Why Data Privacy Is Now a Valuation Variable
The DPDPA transforms the data privacy gap from a disclosure item into a price adjustment, liability allocation mechanism, and post-closing restructuring trigger.
In every acquisition, the buyer inherits the target's compliance posture — including its non-compliance. Under the DPDPA, this inheritance carries specific financial consequences. If the target company obtained consent through mechanisms that do not satisfy Section 6 requirements, the entire consent base may be legally deficient. If the target processed children's data without verifiable parental consent under Section 9, the liability exposure extends to the buyer post-closing. If the target's vendor contracts do not contain valid Data Processing Agreements under Section 8(2), the buyer inherits a vendor governance gap that may trigger Board scrutiny. These are not theoretical risks — they are quantifiable exposures that directly affect enterprise value.
Joint ventures create an additional structural problem. The DPDPA does not recognise the concept of joint Fiduciaries. Unlike the GDPR, which explicitly addresses joint controllers under Article 26, the DPDPA assigns independent responsibilities to each Fiduciary. When a joint venture processes personal data where both partners influence the purpose and means of processing, the absence of a statutory joint-Fiduciary framework means that liability allocation must be achieved entirely through contract architecture.

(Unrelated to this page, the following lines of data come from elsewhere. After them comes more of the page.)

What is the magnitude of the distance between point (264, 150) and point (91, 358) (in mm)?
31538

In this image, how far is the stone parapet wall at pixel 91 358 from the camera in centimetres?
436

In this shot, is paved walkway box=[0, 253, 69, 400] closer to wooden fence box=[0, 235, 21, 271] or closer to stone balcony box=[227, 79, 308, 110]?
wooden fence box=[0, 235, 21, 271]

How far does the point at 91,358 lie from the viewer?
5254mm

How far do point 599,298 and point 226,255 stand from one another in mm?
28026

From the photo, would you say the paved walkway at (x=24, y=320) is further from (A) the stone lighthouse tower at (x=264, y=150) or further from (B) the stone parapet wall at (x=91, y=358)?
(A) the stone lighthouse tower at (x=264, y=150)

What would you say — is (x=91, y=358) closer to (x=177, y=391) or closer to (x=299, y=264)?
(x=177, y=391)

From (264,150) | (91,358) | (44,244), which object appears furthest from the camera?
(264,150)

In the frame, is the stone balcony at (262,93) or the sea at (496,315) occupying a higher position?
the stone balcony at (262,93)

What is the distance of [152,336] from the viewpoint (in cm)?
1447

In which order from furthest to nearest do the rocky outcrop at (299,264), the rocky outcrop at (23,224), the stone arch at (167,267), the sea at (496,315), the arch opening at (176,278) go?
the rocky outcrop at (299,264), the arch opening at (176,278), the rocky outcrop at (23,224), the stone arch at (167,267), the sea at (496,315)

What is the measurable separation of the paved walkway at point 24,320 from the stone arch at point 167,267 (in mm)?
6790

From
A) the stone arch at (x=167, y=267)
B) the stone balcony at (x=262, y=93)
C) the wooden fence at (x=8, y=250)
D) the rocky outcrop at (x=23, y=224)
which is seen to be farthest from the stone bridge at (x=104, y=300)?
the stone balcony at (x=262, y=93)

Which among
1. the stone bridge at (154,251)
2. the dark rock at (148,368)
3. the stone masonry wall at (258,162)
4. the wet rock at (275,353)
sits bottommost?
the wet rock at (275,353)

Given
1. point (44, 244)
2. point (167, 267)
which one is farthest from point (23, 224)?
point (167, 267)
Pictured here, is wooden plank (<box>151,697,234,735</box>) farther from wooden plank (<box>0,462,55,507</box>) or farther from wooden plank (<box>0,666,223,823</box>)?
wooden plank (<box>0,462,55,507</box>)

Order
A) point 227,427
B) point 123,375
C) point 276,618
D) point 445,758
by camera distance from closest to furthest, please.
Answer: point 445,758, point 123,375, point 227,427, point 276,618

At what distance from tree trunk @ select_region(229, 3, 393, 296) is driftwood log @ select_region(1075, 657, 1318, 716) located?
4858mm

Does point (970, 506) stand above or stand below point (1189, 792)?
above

The JV agreement must define which partner is the Fiduciary for each processing activity, how Data Principal rights are fulfilled, how breach notifications are coordinated, and how regulatory liability is allocated. Without this contractual precision, both partners face overlapping exposure with no statutory mechanism to resolve it.
Six Data Privacy Imperatives for Deal Architecture
The due diligence, structuring, and post-closing requirements that define data privacy compliance in Indian M&A and joint venture transactions.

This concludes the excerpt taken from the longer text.